By The Canadian Press
OTTAWA — Telecommunications experts called for scuttling the planned Rogers Communications takeover of rival Shaw, slamming the response of Ottawa and the federal telecom regulator to the serious Rogers outage earlier this month.
The House of Commons industry committee heard testimony Monday on the outage from various experts, as well as Industry Minister François-Philippe Champagne, Rogers executives and Canadian Radio-television and Telecommunications Commission officials.
The experts provided a number of policy recommendations, including ways to ensure competition in the industry, and called for the Rogers-Shaw transaction to be blocked.
Rogers is pursuing a $26-billion merger with Shaw, but the deal still requires approval of the Competition Bureau and Champagne’s office.
The July 8 outage crippled the Rogers network and affected millions of customers across Canada, including people trying to contact emergency services.
All four experts who testified Monday criticized the CRTC’s response to the outage, including its decision to not pursue a full public investigation.
Ben Klass, a PhD candidate at the Carleton University School of Journalism and Communication, said the CRTC is responsible for the effect of the outage on access to emergency services, adding that “perhaps it should be required to rethink its relatively permissive approach to regulating critical services.”
CRTC head Ian Scott was asked during his appearance whether the telecom regulator needs any additional powers.
Scott said he couldn’t think of any provisions that might have prevented the outage. “With respect to network outages and network reliability, I think this is a situation that can be addressed by the industry.”
Geist criticized Scott’s response.
“It was, I thought, remarkable and exceptionally discouraging to watch the chair of the CRTC come give a virtual shrug when posed with questions about the role that new regulations could play,” Geist said.
John Lawford, executive director of the Public Interest Advocacy Centre, said part of the problem with the CRTC is that it does not impose quality of service requirements.
Rogers submitted a letter to the CRTC on Friday, explaining how the outage happened and the degree to which its network was incapacitated.
Scott said the commission is in the process of reviewing the submission and determining next steps.
“Rogers said they will do better.
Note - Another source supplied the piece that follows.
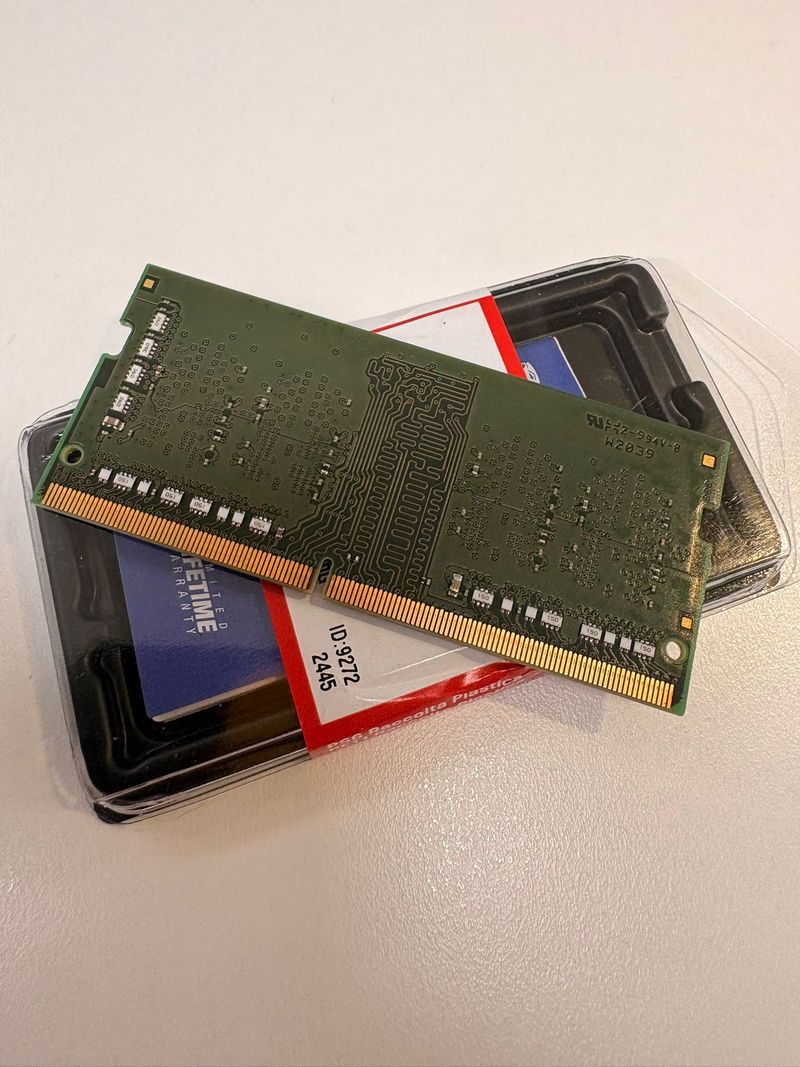 RAM 4GB DDR4 2666 SODIMM Kingston KVR26S19S6/4 afbeelding 2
The CRTC will make sure they do,” Scott said in his testimony.
Scott said it’s still to be determined whether penalties will be imposed, but cautioned that as per current legislation, penalties are meant to encourage compliance rather than be punitive.
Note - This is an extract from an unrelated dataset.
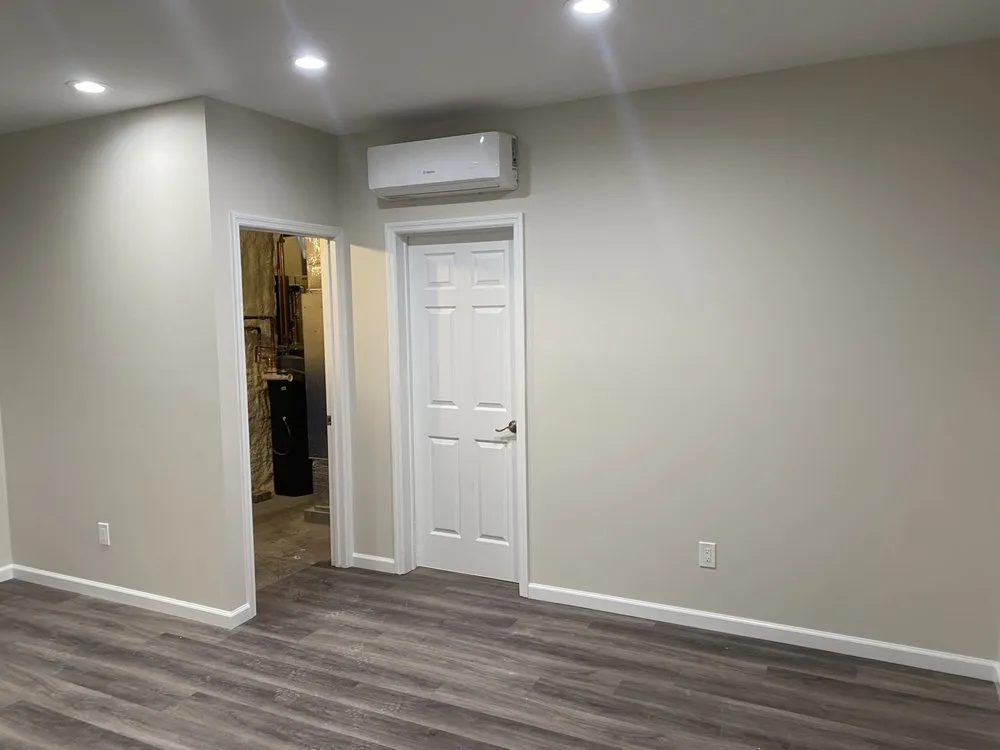 Slide of Willis Technical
Conservative MP Tracy Gray questioned the CRTC officials on their preparation for an outage’s affect on 911 calls, given the Rogers lapse limited Canadians’ ability to access emergency services.
“It’s very difficult to prepare for something that’s truly unprecedented,” Scott said.
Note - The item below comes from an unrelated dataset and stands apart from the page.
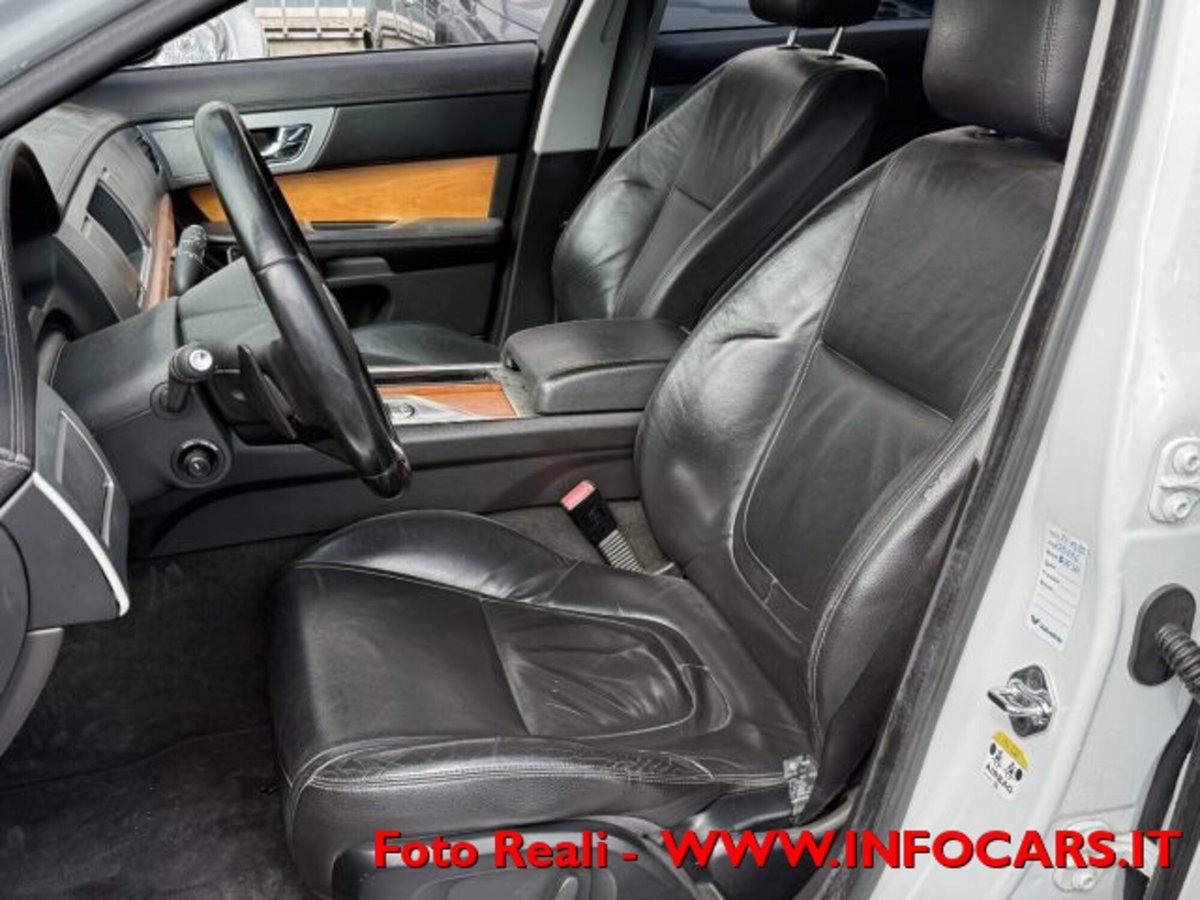 Jaguar XF Sportbrake 2.2 D 200 CV Portfolio (5)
Rogers Communications CEO Tony Staffieri also faced questions Monday from MPs about whether a lack of competition in the telecom sector might have contributed to the massive outage, which came as the company awaits government approvals for its purchase of Shaw.
Liberal MP Nathaniel Erskine-Smith asked Staffieri whether the concentration of customers in a single company is a challenge to network resiliency.
“We work every day in a very competitive environment and we work hard to bring the best value in money for customers,” Staffieri said.
“You’re saying that with a straight face?” responded Erskine-Smith.
In his opening remarks, Staffieri said the outage reflects a failure on the part of Rogers. “On that day, we failed to deliver on our promise to be Canada’s most reliable network.”
The CEO further outlined some of the technical causes of the outage and what the company is doing to prevent additional failures, including a plan to separate the wireless and internet networks.
MPs also directed questions to Champagne on government action in response to the outage.
New Democrat MP Brian Masse pressed Champagne about passing legislation to make the internet a public utility, saying that COVID-19 had shown the internet to be an essential service.
Without more government power to regulate the internet, Masse told the committee hearing, “we have to rely on any minister being buddy-buddy with a bunch of CEOs.”
Champagne defended his meeting with the telecom CEOs, and while he did not say whether he would support legislation to make the internet a public utility, he said he was open to working across party lines and taking in the committee’s recommendations.
Masse asked Staffieri if he would support a bill of rights for consumers, but the Rogers executive did not answer directly.
“We are very much focused on what we need to do to ensure the resiliency and redundancy of our networks,” Staffieri said.
Champagne said on the day of the outage he contacted Staffieri to inquire about the situation but the conversation was not between a CEO and a cabinet minister. Rather, Champagne was speaking on behalf of Canadians.